Tuesday 12 December 2017

12-year-olds should not be left feeling excluded at school, but many are

(Stock picture)
(Stock picture)
Katherine Donnelly

Katherine Donnelly

Girls tend to be harder on themselves than boys. There is plenty of anecdotal evidence of that, and it is backed by research.

Dr Emer Smyth, author of the new ESRI report on the transition to second-level, says it is based on an anxiety to do well, and can include worries such as body image.

Everyone knows a cruel downside of the age of digital technology and social media, are the children, generally girls, whose lives revolve too much around how many 'likes' they get when they post a photograph online.

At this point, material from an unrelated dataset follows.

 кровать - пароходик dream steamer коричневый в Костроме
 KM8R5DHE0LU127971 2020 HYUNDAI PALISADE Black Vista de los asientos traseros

So, when it comes to the major life changes such as moving up from primary to post-primary, girls are more apprehensive and fret about whether they will be popular and how well they will perform academically in this new context.

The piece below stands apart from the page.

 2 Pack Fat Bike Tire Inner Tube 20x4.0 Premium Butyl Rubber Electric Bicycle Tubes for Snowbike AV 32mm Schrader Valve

A 12 to 13-year-old girl, or boy, should have no such concerns, and the challenge, for parents, educators, and policy-makers, is to ensure that every child, from an early age, is supported to build confidence and self-esteem, and the resilience necessary to deal with life, and life's changes.

It is not only girls who are being shown to suffer at this critical juncture. What the ESRI research also exposes is how children from migrant communities and children with special educational needs suffer most. These minority groups are the most vulnerable: according to the study, young people from immigrant families had fewer friends than their Irish peers, and those with special educational needs significantly fewer friends than other groups. It also tells us that such friendships are key to the settling-in process, so, from the beginning of second level, they are more likely to feel excluded.

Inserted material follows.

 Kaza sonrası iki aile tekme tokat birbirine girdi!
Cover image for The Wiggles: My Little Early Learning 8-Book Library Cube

Whether it is a language barrier, a cultural difference or a learning difficulty, these children are on the margins, and they should not be.

Thanks to this research, we know the extent of the problem at the point of transition to second-level, because that is when the question was asked. It is fair to assume that marginalisation is a longer-term issue. The last word in Dr Smyth's report is well-being. It is the word that needs to be first and foremost in the minds of all who have a responsibility for children, because if they are not feeling good about themselves, they will not flourish, at school or in life. This September sees the introduction of a well-being programme for junior cycle students but clearly a lot of work needs to be done earlier.